Banfa told correctly, its far better to search for the occurance of // in the string.
Here's a program for u...
Note that I have considered the conditions and possible inputs given by u.
That is I haven't considered inputs like "This is /my number //34" (Single "/" occurance) etc.

I have tried to make it as simple as possible.

#include <stdio.h>

int main(void)
{
        int i = 0, j = 0, count = 0;
        char ch, str[50], num[10];

        printf("\nEnter a string : ");
        gets(str);      /* Take string input fron user with spaces */
        do
        {
                ch = str[i]; /* Storing each character of the string */

                if(count == 2)  /* That means already got "//" in the string */
                {
                        if((ch >= '0') && (ch <= '9'))  /* Its a digit */
                        {
                                num[j] = ch;    /* Store the number */
                                j++;
                        }
                        else
                                count = 0;      /* So that's a // not followed by a number, so need to search more */
                }

                if((ch == ' ') && (j != 0))     /* End of a word and already got a number in store */
                {
                        printf("\nThe number is : %s\n", num);
                        break;  /* Breaking the loop as only one number is acceptable in the string */
                }

                if(ch == '/')
                        count++;        /* Count number of occurances of "/" */

                i++;
        }while(ch != '\0'); /* Until end of the string */

        if(j == 0)
                printf("\nSorry no numbers in the string !!!\n"); /* Just in case we have got no numbers */

        return 0;
}

Check it and tell me whether it's fine for u...

Bye

Thanks...
Its really helpful

I have a similar problem. I would like to break up a string into a character array and a number but am not sure if sscanf can help me.

#include <stdio.h>

int main(void)
{

    char puppy[10]="DOG|1.2";
    char p[10];
    float num;

    sscanf(puppy,"%[^|]%f", &p, &num);
    printf("%s %f", p, num);

}

the output is DOG 0.000000

I would like to be able to store the number 1.2 in num but this doesn't work. As a further complication, the character array (e.g.
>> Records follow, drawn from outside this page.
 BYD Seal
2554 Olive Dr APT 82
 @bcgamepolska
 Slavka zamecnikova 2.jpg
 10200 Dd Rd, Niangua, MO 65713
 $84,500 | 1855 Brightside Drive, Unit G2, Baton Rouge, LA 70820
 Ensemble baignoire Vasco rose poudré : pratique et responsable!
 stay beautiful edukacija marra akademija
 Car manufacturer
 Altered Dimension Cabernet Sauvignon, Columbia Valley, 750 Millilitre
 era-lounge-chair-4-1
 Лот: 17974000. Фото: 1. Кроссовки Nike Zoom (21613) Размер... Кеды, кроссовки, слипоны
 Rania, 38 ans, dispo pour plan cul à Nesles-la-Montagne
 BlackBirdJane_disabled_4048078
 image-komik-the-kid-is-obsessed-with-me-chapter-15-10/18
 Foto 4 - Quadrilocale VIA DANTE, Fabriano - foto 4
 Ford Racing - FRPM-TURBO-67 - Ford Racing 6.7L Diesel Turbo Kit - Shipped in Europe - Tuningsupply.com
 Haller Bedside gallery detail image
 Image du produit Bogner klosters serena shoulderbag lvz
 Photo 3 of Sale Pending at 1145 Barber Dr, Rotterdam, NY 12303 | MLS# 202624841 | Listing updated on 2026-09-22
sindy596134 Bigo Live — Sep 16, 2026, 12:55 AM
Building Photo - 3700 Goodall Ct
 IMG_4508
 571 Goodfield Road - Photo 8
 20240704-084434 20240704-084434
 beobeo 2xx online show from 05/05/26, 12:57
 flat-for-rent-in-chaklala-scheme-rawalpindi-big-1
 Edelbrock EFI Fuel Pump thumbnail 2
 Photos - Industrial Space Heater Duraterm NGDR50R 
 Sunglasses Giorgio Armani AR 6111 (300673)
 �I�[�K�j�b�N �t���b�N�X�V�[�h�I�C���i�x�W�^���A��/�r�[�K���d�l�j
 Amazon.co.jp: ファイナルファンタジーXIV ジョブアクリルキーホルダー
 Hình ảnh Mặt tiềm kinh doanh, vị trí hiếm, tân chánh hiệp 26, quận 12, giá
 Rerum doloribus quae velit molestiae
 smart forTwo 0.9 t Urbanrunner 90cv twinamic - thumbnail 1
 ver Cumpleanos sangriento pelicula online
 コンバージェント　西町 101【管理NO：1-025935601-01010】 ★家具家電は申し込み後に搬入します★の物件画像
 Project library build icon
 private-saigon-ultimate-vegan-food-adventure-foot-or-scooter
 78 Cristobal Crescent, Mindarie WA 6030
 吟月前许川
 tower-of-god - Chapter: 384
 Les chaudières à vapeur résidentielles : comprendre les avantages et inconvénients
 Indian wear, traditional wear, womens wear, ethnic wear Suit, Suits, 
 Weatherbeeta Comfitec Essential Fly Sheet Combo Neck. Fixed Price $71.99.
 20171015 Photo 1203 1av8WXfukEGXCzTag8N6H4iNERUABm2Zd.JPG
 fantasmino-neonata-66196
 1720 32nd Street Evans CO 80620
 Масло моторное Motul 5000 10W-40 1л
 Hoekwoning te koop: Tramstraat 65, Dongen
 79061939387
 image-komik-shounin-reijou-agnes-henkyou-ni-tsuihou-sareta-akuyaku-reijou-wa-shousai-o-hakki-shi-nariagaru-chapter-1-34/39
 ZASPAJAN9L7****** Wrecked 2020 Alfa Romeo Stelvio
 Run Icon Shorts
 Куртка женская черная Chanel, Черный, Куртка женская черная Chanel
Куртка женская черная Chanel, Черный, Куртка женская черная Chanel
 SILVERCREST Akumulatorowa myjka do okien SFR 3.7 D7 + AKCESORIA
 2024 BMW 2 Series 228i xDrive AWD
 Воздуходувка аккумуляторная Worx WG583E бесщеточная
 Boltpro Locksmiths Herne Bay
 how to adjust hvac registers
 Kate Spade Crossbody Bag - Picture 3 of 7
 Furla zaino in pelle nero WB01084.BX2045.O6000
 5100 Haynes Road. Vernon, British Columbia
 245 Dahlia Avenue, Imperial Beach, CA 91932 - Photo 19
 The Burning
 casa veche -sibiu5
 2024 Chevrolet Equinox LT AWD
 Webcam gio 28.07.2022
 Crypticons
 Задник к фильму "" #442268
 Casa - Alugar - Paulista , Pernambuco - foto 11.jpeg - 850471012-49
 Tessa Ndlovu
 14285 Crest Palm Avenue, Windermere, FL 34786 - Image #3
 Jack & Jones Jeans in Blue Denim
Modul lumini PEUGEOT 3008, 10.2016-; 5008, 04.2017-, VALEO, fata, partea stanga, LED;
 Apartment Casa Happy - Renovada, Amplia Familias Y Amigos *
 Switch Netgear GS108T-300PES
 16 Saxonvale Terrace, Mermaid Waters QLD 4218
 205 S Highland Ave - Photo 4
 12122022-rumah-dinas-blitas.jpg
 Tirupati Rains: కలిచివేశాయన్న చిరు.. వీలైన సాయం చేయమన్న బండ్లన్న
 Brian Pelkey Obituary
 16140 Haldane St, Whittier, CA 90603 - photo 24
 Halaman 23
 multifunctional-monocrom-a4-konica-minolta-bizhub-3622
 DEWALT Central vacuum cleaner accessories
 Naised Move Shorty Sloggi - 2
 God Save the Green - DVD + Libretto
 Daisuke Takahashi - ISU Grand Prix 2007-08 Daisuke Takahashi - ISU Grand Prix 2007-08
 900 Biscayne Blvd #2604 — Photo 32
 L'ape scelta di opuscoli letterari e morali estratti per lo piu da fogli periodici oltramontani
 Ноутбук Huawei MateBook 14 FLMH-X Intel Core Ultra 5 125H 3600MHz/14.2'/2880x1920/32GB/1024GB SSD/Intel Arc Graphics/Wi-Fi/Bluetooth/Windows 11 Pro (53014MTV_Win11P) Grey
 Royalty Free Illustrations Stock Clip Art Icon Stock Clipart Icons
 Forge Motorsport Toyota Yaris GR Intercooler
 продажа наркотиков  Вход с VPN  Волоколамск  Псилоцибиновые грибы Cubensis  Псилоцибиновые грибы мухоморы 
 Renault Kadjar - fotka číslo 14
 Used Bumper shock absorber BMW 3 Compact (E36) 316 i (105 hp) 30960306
DOG) can be any length.

If anyone could help it would be greatly appreciated!
Thanks!

@hanananah also will work for original poster
you guys better use this one strtok

or if you know pointers good, you can locate it '|' with strchr if you have only one of these, if you have more you can ofcourse make it work too.

Or do it manually, going through array and searching position of '|' then taking whats after before | or 0

sscanf(puppy,"%[^|]%f", &p, &num);

Try this instead:

sscanf(puppy,"%[^|]|%f", p, &num);

You forgot to extract the pipe character. Not to mention that the address-of operator is unneeded on p because it's already a pointer to char.